INSTRUCTIONS TO FOLLOW →
All lines below starting at the one that holds "WordPress is configured" and ending at the one that holds "Then those email" should be printed exactly, ends included. Pictures should not be printed, nor anything else.
━━━━━ PROVIDED DATA ━━━━━
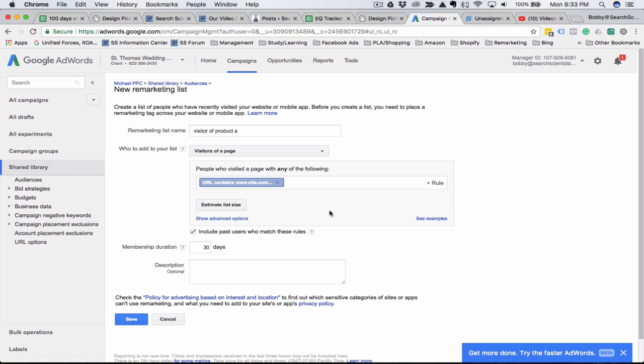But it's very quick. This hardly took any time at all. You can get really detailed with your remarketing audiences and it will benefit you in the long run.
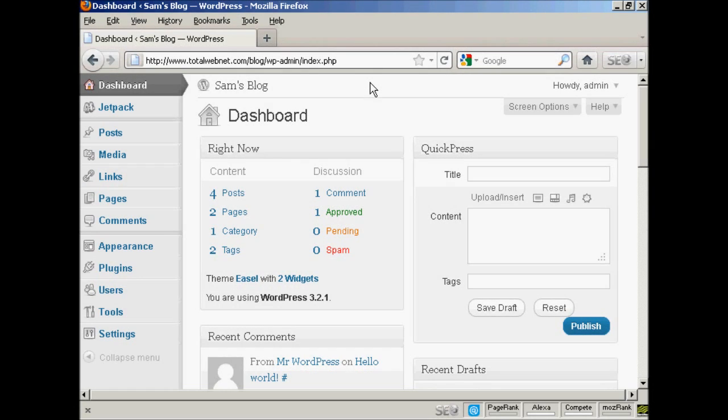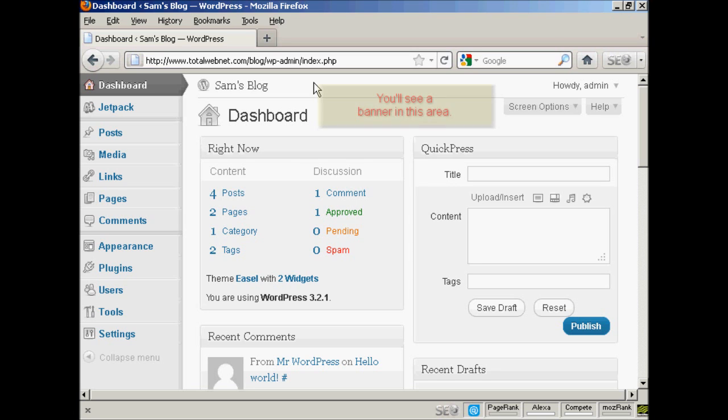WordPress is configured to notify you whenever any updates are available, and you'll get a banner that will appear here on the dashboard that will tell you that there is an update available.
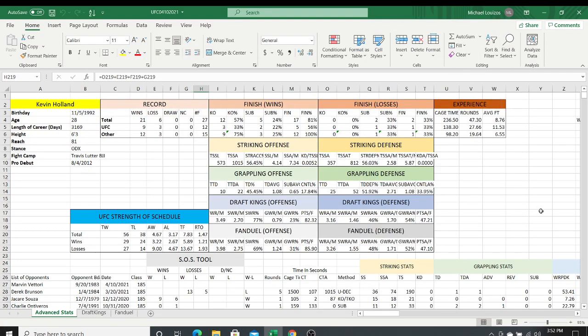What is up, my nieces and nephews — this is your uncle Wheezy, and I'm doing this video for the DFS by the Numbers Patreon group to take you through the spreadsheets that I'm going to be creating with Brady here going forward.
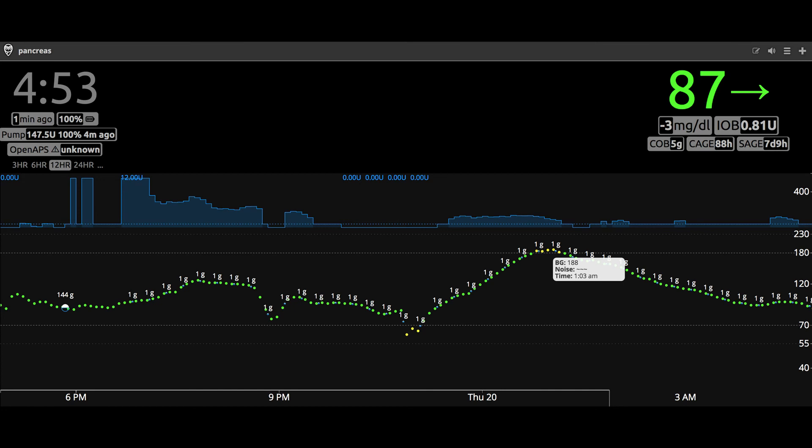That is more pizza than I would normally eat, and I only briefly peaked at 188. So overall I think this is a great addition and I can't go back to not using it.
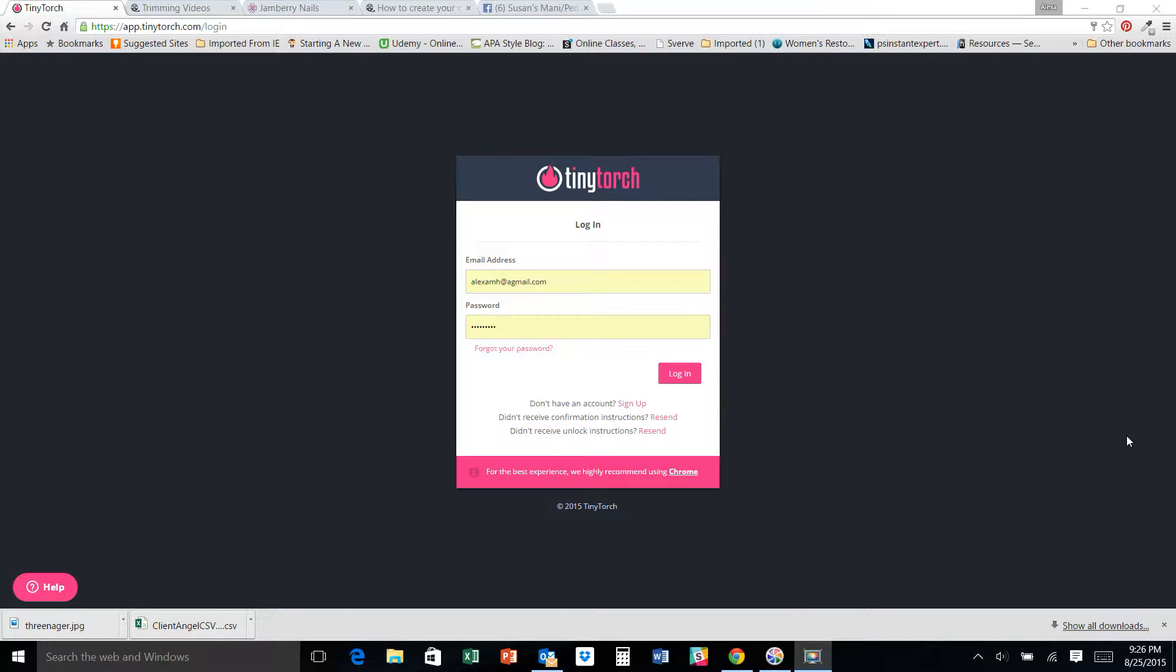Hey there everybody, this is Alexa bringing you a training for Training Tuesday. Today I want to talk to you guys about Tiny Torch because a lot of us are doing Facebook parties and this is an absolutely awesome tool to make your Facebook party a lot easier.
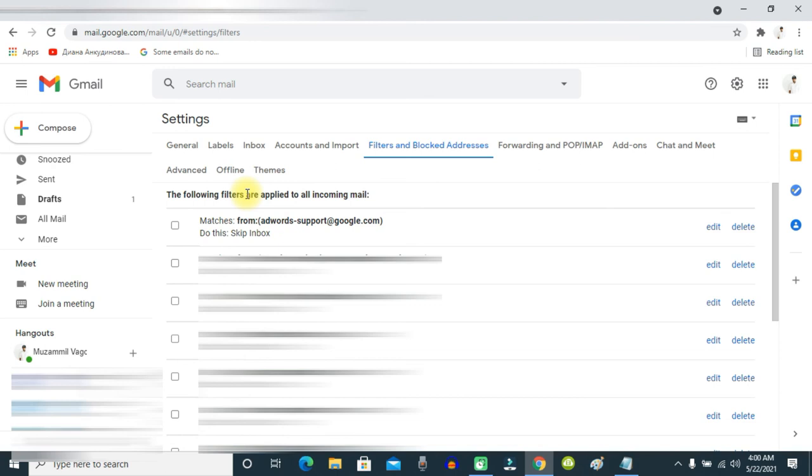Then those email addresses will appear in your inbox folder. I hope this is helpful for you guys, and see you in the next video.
━━━━━
━━━━━ PROVIDED DATA ━━━━━
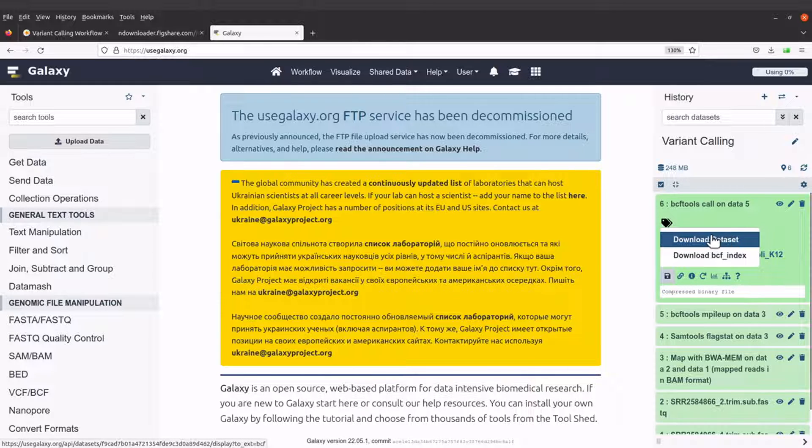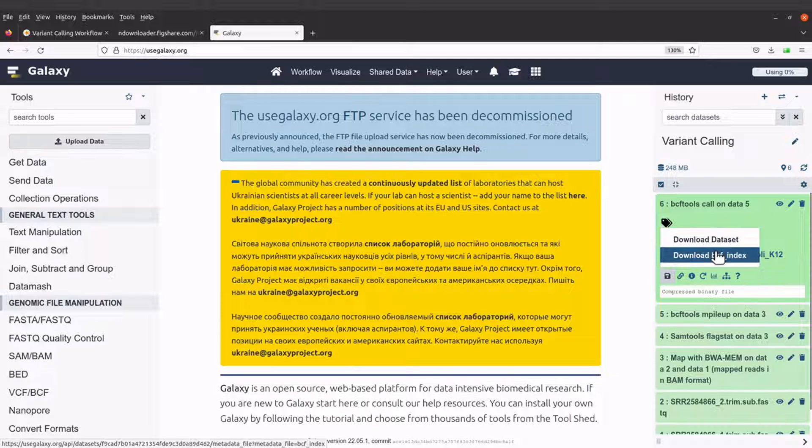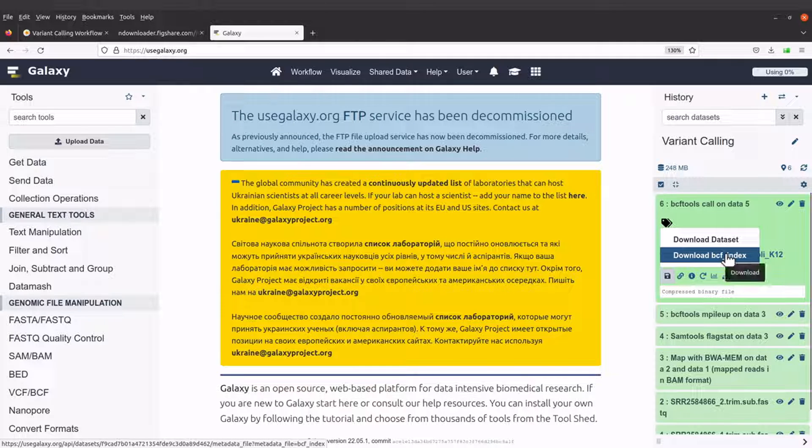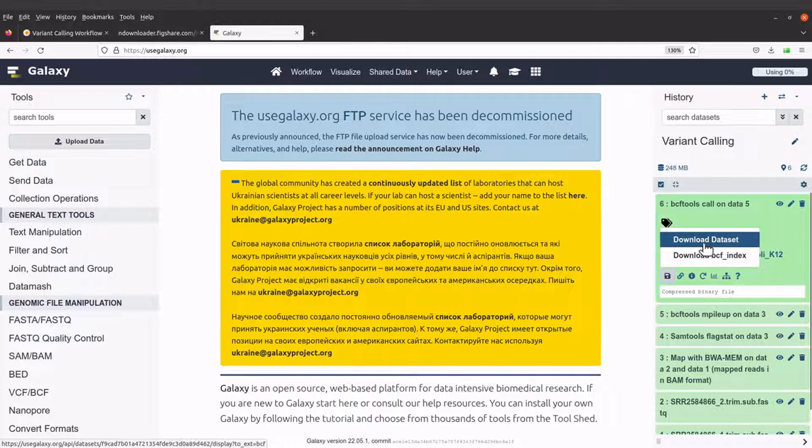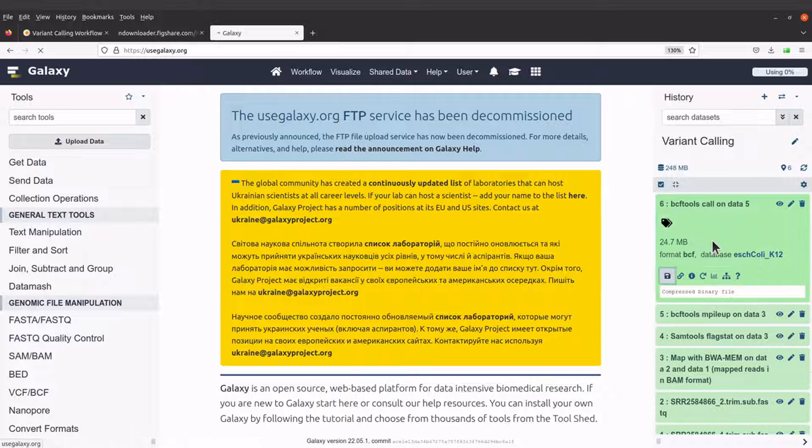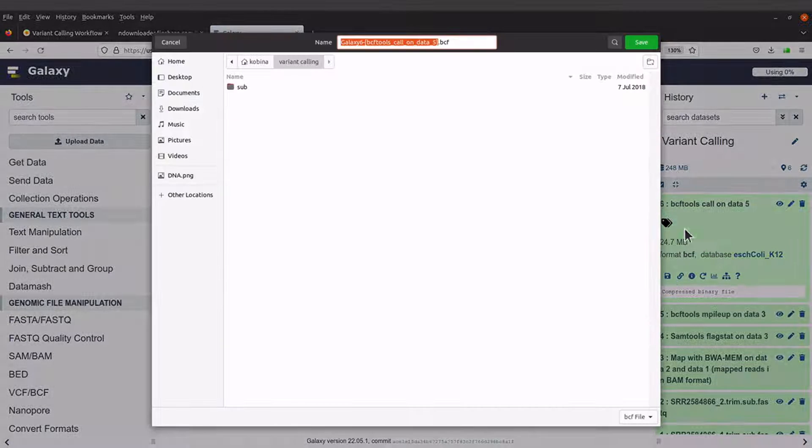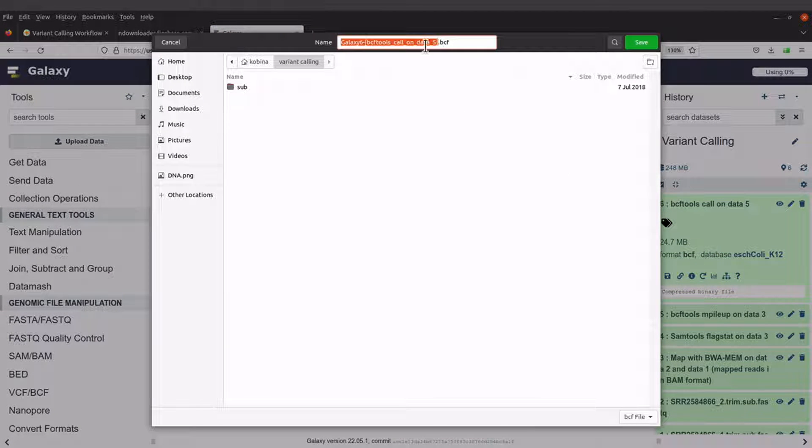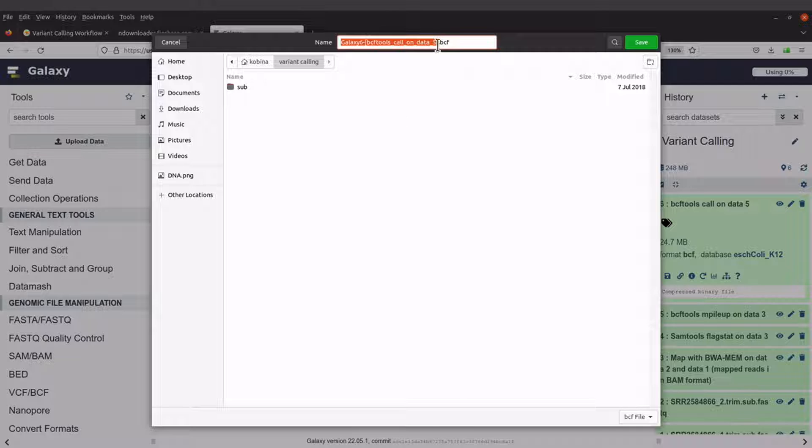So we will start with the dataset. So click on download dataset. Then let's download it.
━━━━━
EXERCISE OUTPUT →
WordPress is configured to notify you whenever any updates are available, and you'll get a banner that will appear here on the dashboard that will tell you that there is an update available.
What is up, my nieces and nephews — this is your uncle Wheezy, and I'm doing this video for the DFS by the Numbers Patreon group to take you through the spreadsheets that I'm going to be creating with Brady here going forward.
That is more pizza than I would normally eat, and I only briefly peaked at 188. So overall I think this is a great addition and I can't go back to not using it.
Hey there everybody, this is Alexa bringing you a training for Training Tuesday. Today I want to talk to you guys about Tiny Torch because a lot of us are doing Facebook parties and this is an absolutely awesome tool to make your Facebook party a lot easier.
Then those email addresses will appear in your inbox folder. I hope this is helpful for you guys, and see you in the next video.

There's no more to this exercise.